Hello,

Perhaps someone can help me out. I found this post that summarizes my issue, but it doesn't really explain the way to resolve it:
http://www.ubercart.org/forum/support/19084/stop_catalog_category_redirect

I have a client using Drupal 6 + Ubercart + the Catalog submodule of Ubercart to display categories of products. If someone goes to a good URL there are no problems, so for example if they go to http://www.mystore.com/catalog/t-shirts, and that exists, then no issues.

However, if someone goes to a URL that does NOT exist, let's say http://www.mystore.com/catalog/something-that-does-not-exist, then it takes the user to http://www.mystore.com/catalog rather than a 404 not found page.
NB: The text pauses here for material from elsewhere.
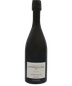 R. Pouillon Champagne Extra Brut Grande Vallee Nv 750ml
The problem I am having with this, is that somehow Google has indexed a large handful of bad URLs, possibly from a previous version of the site, and when we go to those pages, they all redirect to the same place: mystore.com/catalog.

Google doesn't like this because they think we have a rather large number of pages with the exact same page content (in fact, the number of pages is infinite: mystore.com/catalog/mickey-mouse, mystore.com/catalog/m-i-s-s-i-s-s-i-p-p-i, and so on). We have used the redirect module to handle a handful of them, but it's not a total fix as new ones are found, and it doesn't alter the behavior.

Furthermore, I don't like this behavior either. I am using a very nifty module called search404, that intelligently suggests what actual page a user might be looking for based on keywords it finds in the URL a user tried. So if there is a page at mystore.com/t-shirts, and the user tried mystore.com/shirts, then search404 would suggest the t-shirts page. But when it just redirects to /catalog instead of serving up a 404 page, I lose that cool feature.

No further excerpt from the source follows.